Oosthoek encyclopedie

Oosthoek's Uitgevers Mij. N.V (1916-1925)

Gepubliceerd op 12-01-2019

Papaver

betekenis & definitie

Papaver, - klaproos, plantengeslacht der Papaveraceeën met ongeveer 100 soorten in de N.-lijke gematigde streken, slechts één in Australië. Het zijn kruiden met langgesteelde bloemen, twee spoedig afvallende kelkbladeren, vier in den knop sterk geplooide kroonbladeren, vele meeldraden en een eenhokkig vruchtbeginsel met vele wandstandige zaadlijsten en een groot aantal zittende stempels. De doosvrucht springt met kleppen open en bevat een groot aantal zaden. In ons land komen in het wild voor P. Argemone, P. dubium en P. Rhoeas.

Van de laatste worden de gedroogde bloembladeren (Petala Rhoeados) in de apotheek gebruikt. Pap. somniferum komt uit Klein-Azië, maar wordt overal gekweekt, bij ons om de oliehoudende zaden (Maanzaad, Maanzaadolie, zie PAPAVEROLIE). In de Balkan, Klein-Azië en Indië wordt de plant echter gekweekt, om uit het melksap de Opium te verkrijgen. De onrijpe vruchten (Slaapbollen, Heulbol, Maanhol) komen in de apotheek voor. — Zoowel van de eenjarige als van de meerjarige P. teelt men vele verscheidenheden als sierplanten in den tuin. De eerstgenoemden moeten ter plaatse gezaaid worden, omdat de penwortels verplanting niet toelaten. Te dicht gezaaide plantjes dunt men uit. De bloemen zijn fraai en schitterend van kleur; de bloeitijd duurt echter niet lang.

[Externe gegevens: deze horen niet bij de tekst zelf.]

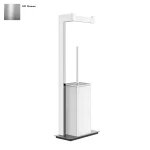 Держатель туалетной бумаги и ершик Gessi Rettangolo, напольный, белый, Chrome (20933031) - Фото 1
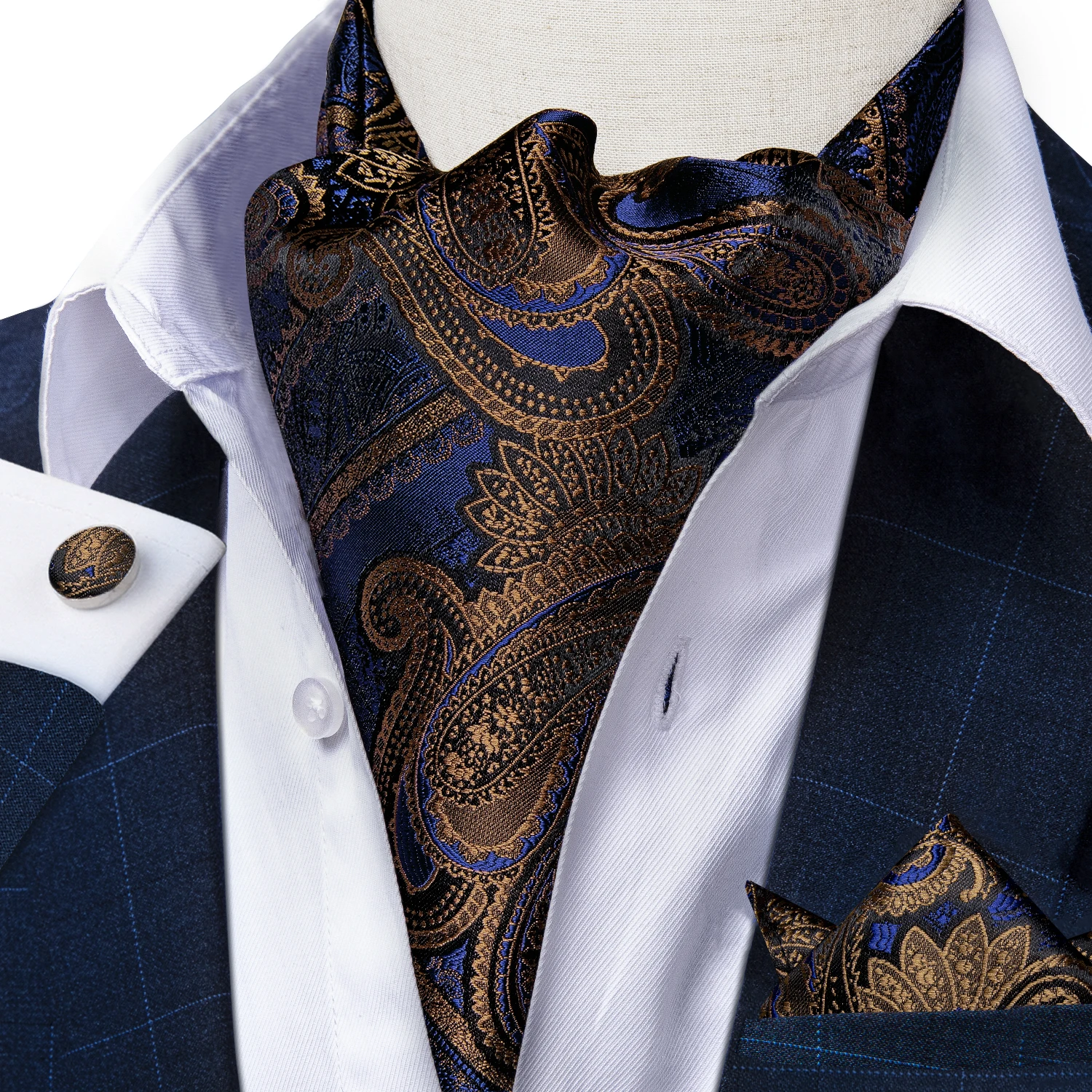 Top Trends: Men Premium Silk Ascot Tie Set Paisley Floral Blue Red Vintage Wedding Formal Cravat Tie Ascot Scarves Pocket Square Set DiBanGu Shoppable Styles - Image 5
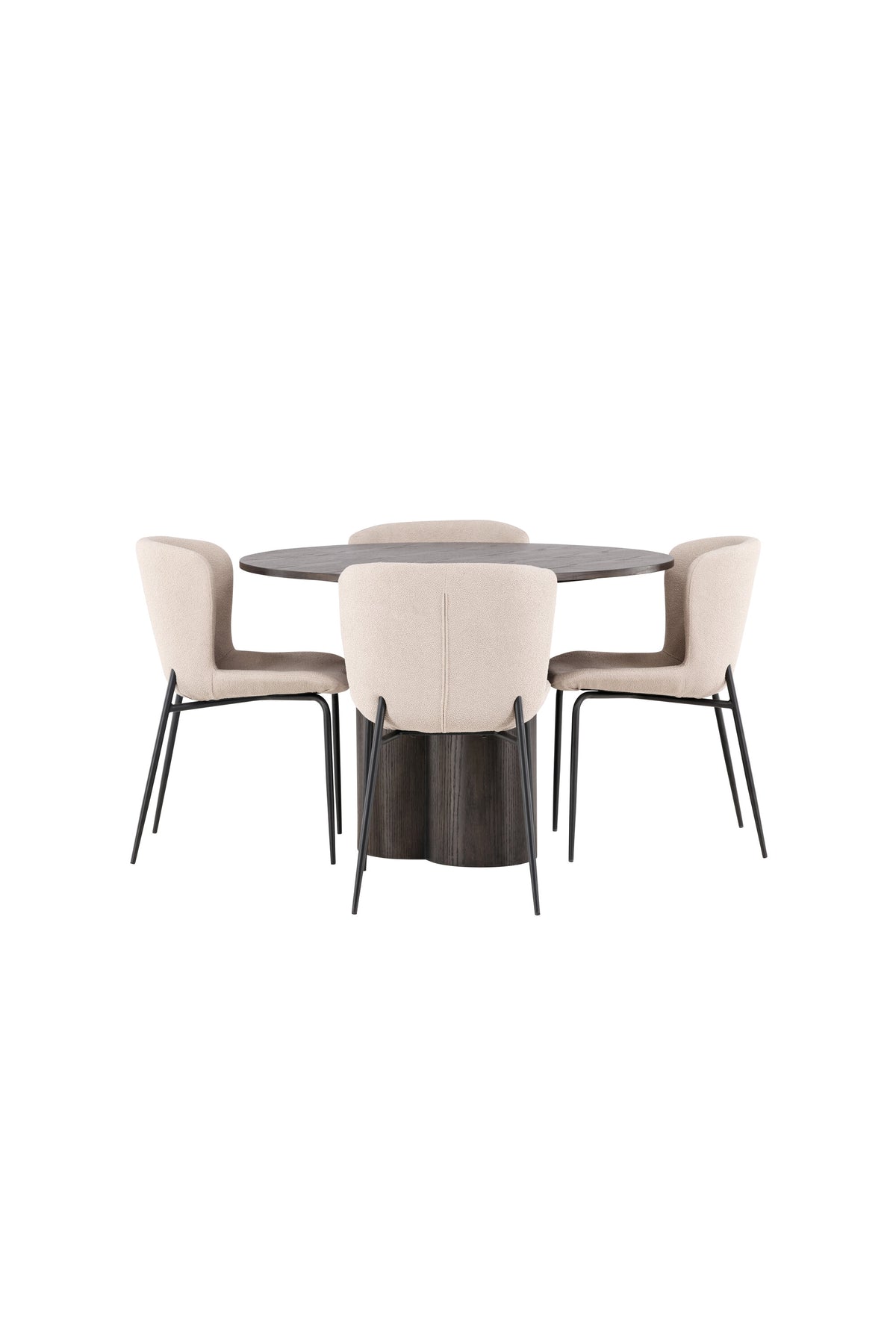 Olivia Matbord med Modesto Stolarna – Bord: ⌀110 Stol: 54x79,5x48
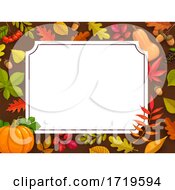 Border Of Autumn Leaves Around Text Space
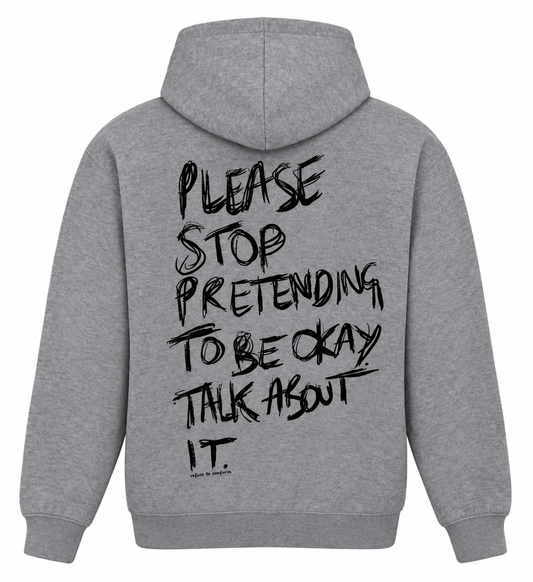 Grey lightweight Talk About It hoodie with black back print, back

Na den bloei verwijdert men de planten om ongewenschte zaadverspreiding te voorkomen. Van de meerjarige P. teelt men P. nudicaule bij voorkeur als tweejarige plant en zaait ook deze jaarlijks. De gele, oranje of witte bloemen zijn kleiner dan van de eenjarige P., doch duren langer. De overige vasteplant-Papavers hebben veel grootere bloemen (15 c.M. diam.), die ook als snijbloem waarde hebben. Zij hebben meest bodemstandige bladeren, groeien het weligst op zonnig gelegen, kalkrijken zavelgrond en bloeien omstreeks Mei-Juni, soms weder in het najaar. Zij zijn winterhard.